Latest revision as of 00:12, 16 December 2024

Geologically-formed topological depression For other uses, see Sinkhole (disambiguation). "Doline" redirects here. For other meanings, see Doline (disambiguation).

The Red Lake sinkhole in Croatia

A sinkhole is a depression or hole in the ground caused by some form of collapse of the surface layer. The term is sometimes used to refer to doline, enclosed depressions that are also known as shakeholes, and to openings where surface water enters into underground passages known as ponor, swallow hole or swallet. A cenote is a type of sinkhole that exposes groundwater underneath. Sink, and stream sink are more general terms for sites that drain surface water, possibly by infiltration into sediment or crumbled rock.

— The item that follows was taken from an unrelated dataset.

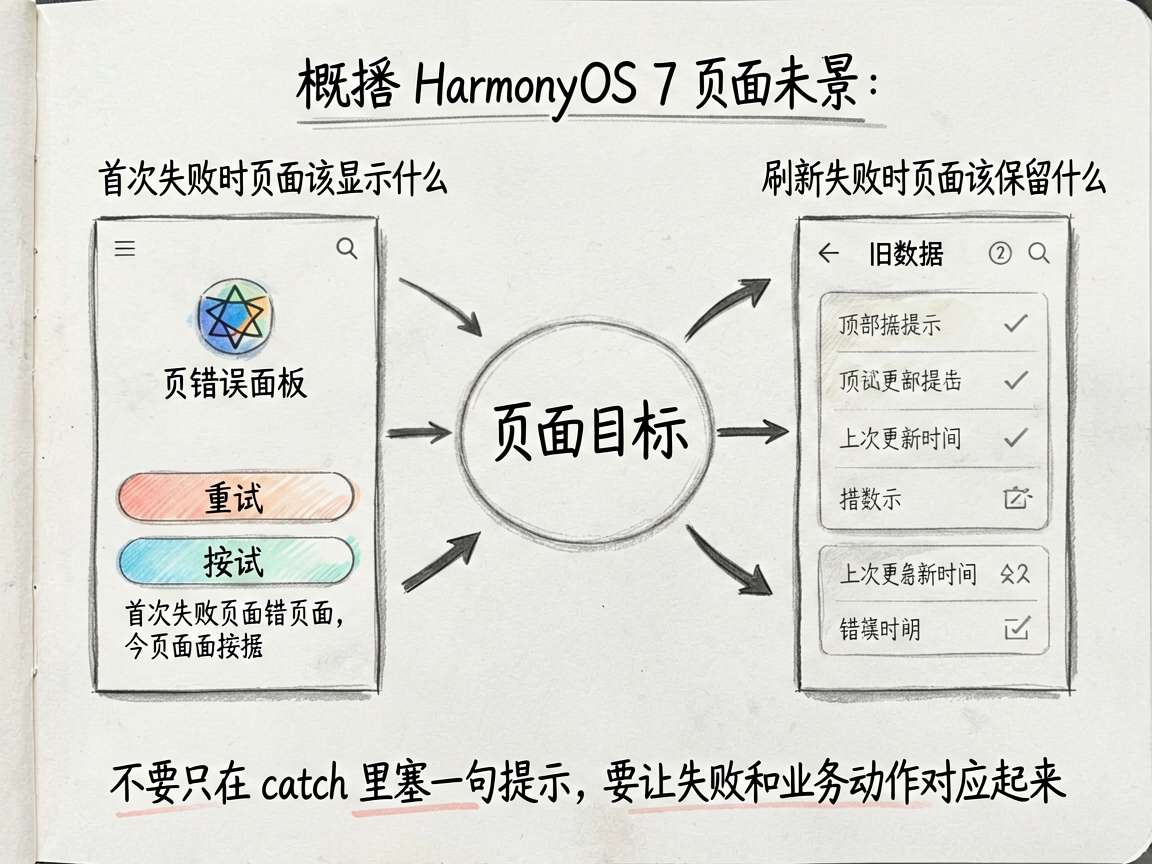 一张手绘笔记风框架图,概括 HarmonyOS 7 页面在网络错误场景下的状态设计思路。中心是“页面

Most sinkholes are caused by karst processes – the chemical dissolution of carbonate rocks, collapse or suffosion processes. Sinkholes are usually circular and vary in size from tens to hundreds of meters both in diameter and depth, and vary in form from soil-lined bowls to bedrock-edged chasms. Sinkholes may form gradually or suddenly, and are found worldwide.

Formation

Sinkholes near the Dead Sea, formed when underground salt is dissolved by freshwater intrusion, due to continuing sea-level drop.
Collapse sinkhole in Chinchón, Spain.

Natural processes

Sinkholes may capture surface drainage from running or standing water, but may also form in high and dry places in specific locations. Sinkholes that capture drainage can hold it in large limestone caves. These caves may drain into tributaries of larger rivers.

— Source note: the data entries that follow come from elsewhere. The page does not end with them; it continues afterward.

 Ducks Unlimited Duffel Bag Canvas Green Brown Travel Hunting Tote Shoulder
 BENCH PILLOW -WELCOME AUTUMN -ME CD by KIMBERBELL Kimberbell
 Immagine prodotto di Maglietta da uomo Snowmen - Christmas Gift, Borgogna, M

The formation of sinkholes involves natural processes of erosion or gradual removal of slightly soluble bedrock (such as limestone) by percolating water, the collapse of a cave roof, or a lowering of the water table. Sinkholes often form through the process of suffosion. For example, groundwater may dissolve the carbonate cement holding the sandstone particles together and then carry away the lax particles, gradually forming a void.

Occasionally a sinkhole may exhibit a visible opening into a cave below. In the case of exceptionally large sinkholes, such as the Minyé sinkhole in Papua New Guinea or Cedar Sink at Mammoth Cave National Park in Kentucky, an underground stream or river may be visible across its bottom flowing from one side to the other.

Sinkholes are common where the rock below the land surface is limestone or other carbonate rock, salt beds, or in other soluble rocks, such as gypsum, that can be dissolved naturally by circulating ground water. Sinkholes also occur in sandstone and quartzite terrains.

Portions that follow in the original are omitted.